The noticeable presence of the former Vols in town to celebrate the 30th anniversary of the 1972 NCAA Championship charged the atmosphere. From Lou Schneider (1946-48) to Stewart Ellington and Tony Cosey, Vol cross country All-Americas from the 1990s, the former Vols cheered on the current Tennesseans with unwavering zeal. In a who's who of Tennessee cross country/track and field, every coach at the helm for a Volunteer NCAA title was in attendance. Stan Huntsman led the 1972 NCAA cross country champions and the 1974 NCAA Outdoor track and field squad. Meanwhile, Doug Brown, who ran on both the 1972 and 1974 NCAA teams and coached the 1991 Vols to the NCAA Outdoor title, was also in attendance. Also, Bill Webb, head coach of the 2001 NCAA Outdoor and 2002 NCAA Indoor Champions, took in the cross country action. Additionally, Watts, obviously, and assistant track coach Vince Anderson, architects of the 2001 and 2002 NCAA titles, were also in attendance.

The 1972 Vols were honored prior to the awards ceremony. The present members of the 1972 team circled up and did their victory cheer from 30 years ago. When the current crop of Vols were announced South Region champions at the awards presentation, they paid homage to their Vol ancestors and celebrated like their 1972 comrades in orange.
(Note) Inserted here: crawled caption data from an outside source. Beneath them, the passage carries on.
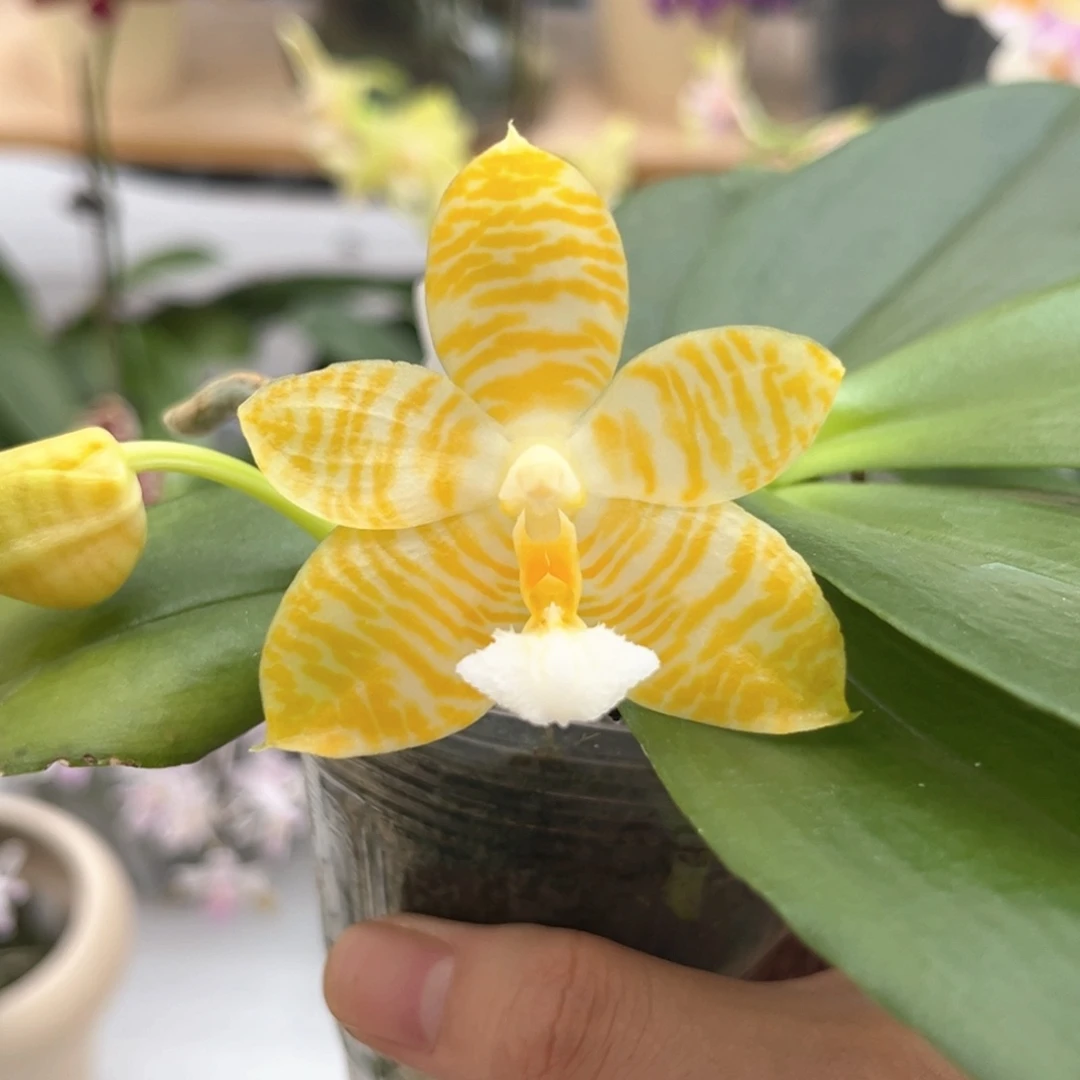 完全开放2.5寸林登戒指开花株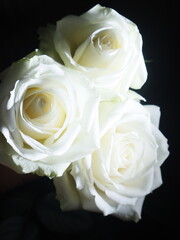 bouquet of white roses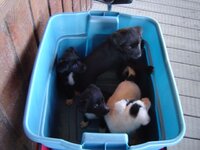 Puppiesa.jpg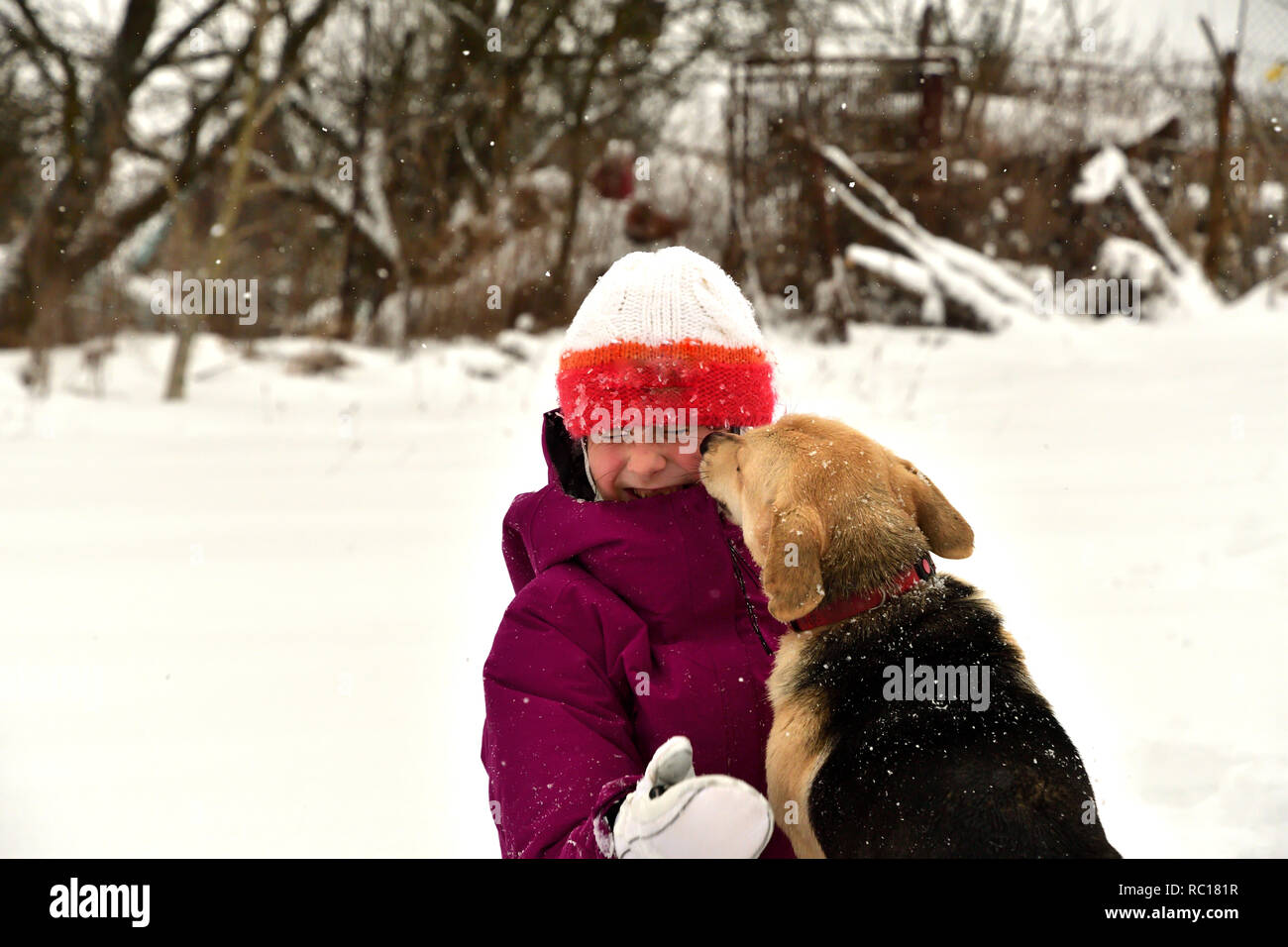 The dog jumps for joy at the girl and licks her face Stock Photo Alamy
"I couldn't be happier for my guys, for their teammates who were out here cheering them on and for all the Tennessee alums here at the meet today," Watts said. "With the cross country reunion this weekend, we had former runners all over the course cheering the team on. We need to enjoy the win today. However, we've got to be ready to go tomorrow to get ready for the NCAA Championships."